The Harvard Library Innovation Laboratory at the Harvard Law School posted a link to a 23-minute podcast interview with Sebastian Hammer. Hammer is the president of Index Data, a company in the information retrieval space, including federated search.
Update 4/3/12: A transcript of the interview is here.
Hammer was interviewed about the challenges of federated search, which he addressed in a very balanced way. The gist of Hammer’s message is that, yes, there are challenges to the technology but they’re not insurmountable. And, without using the word “discovery service,” Hammer did a fine job of explaining that large indexes are an important component of a search solution but they’re not the entire solution, especially in organizations that have highly specialized sources they need access to.

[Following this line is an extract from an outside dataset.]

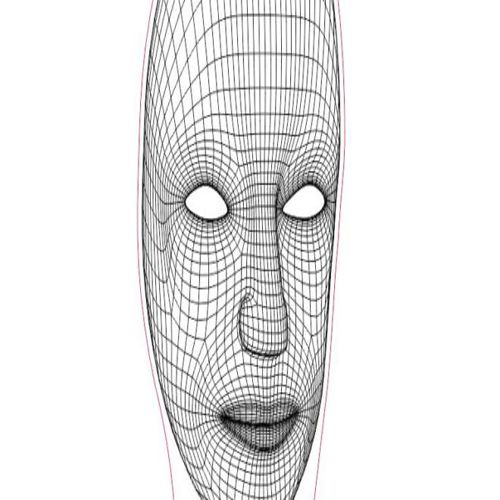 طرح ماسک حکاکی لیزری اکریلیک سه بعدی دخالت انسان - 3d illusion acrylic laser engraving mask human - برای دستگاه CNC چوب و لیزر (سی ان سی)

I was delighted to hear Hammer mention the idea of “super nodes” to allow federated search to scale to thousands of sources. Blog sponsor Deep Web Technologies has used this idea, which they call hierarchical federated search for several years. Several of their applications search other applications which can, in turn, search other applications. In 2009, Deep Web Technologies founder and president Abe Lederman delivered a talk and presented a paper at SLA,
Science Research: Journey to Ten Thousand Source, detailing his company’s proven “divide-and-conquer” approach to federating federations of sources.
I was also happy to hear Hammer speak to the importance of hybrid solutions. Federation is appropriate for gaining access to some content and maintaining a local index works for other content. Neither alone is a complete solution. Deep Web Technologies figured this out some years ago. A good example of hybrid search technology is the E-print Network, a product of the U.S. Department of Energy’s Office of Scientific and Technical Information, (OSTI). Deep Web Technologies built the search technology, which combines information about millions of documents crawled from over 30,000 sites, with federated content. I have been involved with the crawl piece of the E-print Network for a number of years and can testify to the power of the right hybrid solution. In 2008 I wrote a three-part series of articles at OSTI’s blog explaining the technology behind the E-print Network. Part One is here.
In conclusion, I highly recommend the podcast for a good reminder that federated search isn’t dead and that it’s an important part of search.